Short analysis of the Judgment about form 720

The Judgment of the First Chamber of the CJEU of 27 January 2022 (C-788/19), which has been widely publicised, declares that Spain violates European Union law – and specifically Article 63 of the Treaty on the Functioning of the European Union (TFEU), which prohibits all restrictions on the movement of capital between Member States and between Member States and third countries – by (i) making it impossible in practice for non-compliance with the statute of limitations for failure to file Form 720, and (ii) sanctioning such non-compliance with fines, and between Member States and third countries – by (i) making it impossible, in practice, to prescribe the non-compliance with the obligation to file Form 720 for information on assets and rights located abroad, (ii) penalising such non-compliance with fixed fines disproportionate to the penalties provided for similar offences at national level, and (iii) cumulating such fines with a proportional fine of 150% of the amount not taxed on the assets and rights in question.

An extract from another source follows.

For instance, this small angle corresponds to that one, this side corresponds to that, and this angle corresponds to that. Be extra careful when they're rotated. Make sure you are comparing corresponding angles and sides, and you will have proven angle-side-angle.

The Judgment confirms that the mere existence of the information declaration does not contravene EU law “since the information available to the national authorities in relation to the assets held abroad by their tax residents is, on the whole, less than that available to them in relation to assets situated in their territory” (paragraph 24), although even if the objectives pursued are legitimate “it must be ascertained whether they do not (go) beyond what is necessary to attain them”.

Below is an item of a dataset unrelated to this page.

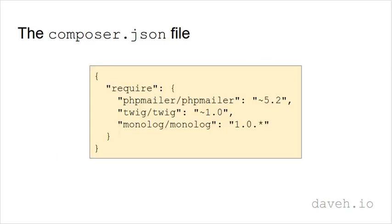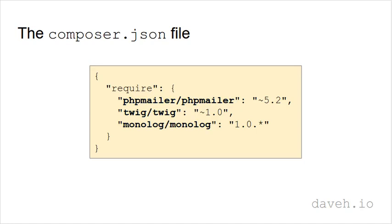So what do you put in the composer.json file? Well, it lists the packages you require along with their versions. The package names consist of a vendor name followed by the project's name. Very often these will be the same. The vendor name is simply used to allow two different people to create a library with the same name.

In relation to the time limitation of the classification of assets held abroad as “unjustified capital gains” the CJEU appreciates that “although the national legislator may provide for an extended limitation period in order to ensure the effectiveness of tax controls and to combat tax evasion and avoidance arising from the concealment of assets abroad, provided that the duration of that period does not go beyond what is necessary to achieve those objectives, having regard, in particular, to the mechanisms for exchange of information and administrative assistance between Member States (see Joined Cases C 155/08 and C 157/08 X and Passenheim-van Schoot, EU: C:2009:368, paragraphs 66, 72 and 73), the same is not true for the institution of mechanisms which, in practice, amount to prolonging indefinitely the period during which taxation may be effected or which make it possible to render ineffective a time bar which has already expired’ (paragraph 38). It follows that the impossibility for a taxpayer to invoke a time bar which has already been triggered by the mere fact that he has failed to comply, or has defectively complied, with the obligation to provide information “goes beyond what is necessary to ensure the effectiveness of tax controls and to combat tax evasion and avoidance, without there being any need to question the consequences to be drawn from the existence of mechanisms for the exchange of information or administrative assistance between Member States” (paragraph 41). (paragraph 41).

With regard to the proportionality of the variable fine (150% of the amount not paid into the public coffers), the CJEU considers that this type of penalty confers on the fine “an extremely repressive character and that it can lead in many cases, given the accumulation of the fine with the fixed fines, that the total amount of the sums owed by the taxpayer as a result of the failure to comply with the obligation to provide information on his assets or rights abroad exceeds 100% of the value of those assets or rights,” (paragraph 53) a circumstance which causes “a disproportionate impairment of the free movement of capital. ” (paragraph 54).

And in relation to the proportionality of the fixed fines, the CJEU appreciates that the amount of the fines bears no relation to the fines provided for in the General Tax Law (arts. 198 and 199) for similar offences carried out in relation to assets and rights located in Spain.

Therefore, the judgment calls on Spain to:

(a) The urgent amendment of the eighteenth additional provision of the General Tax Law, which regulates the information obligation in question (Form 720), with regard to the amount of penalties and the statute of limitations for tax offences.

(b) The obligation to refund penalties imposed for non-compliance, or defective compliance with the information return that have been challenged in due time and form; and the feasible obligation to refund penalties that have become final, since the requirement to challenge Article 32.5 of Law 40/2015, which regulates the financial liability of Public Administrations may be excessively onerous for the citizen, since, in reason, the burden of foreseeing the existence of a judicial declaration of the CJEU as pronounced cannot be imposed on them. This issue is pending a new ruling by the CJEU: however, the Supreme Court, in its ruling of 16 July 2020, has already developed a line of argument in favour of the refund of undue revenue, even if the declaration and settlement had become final.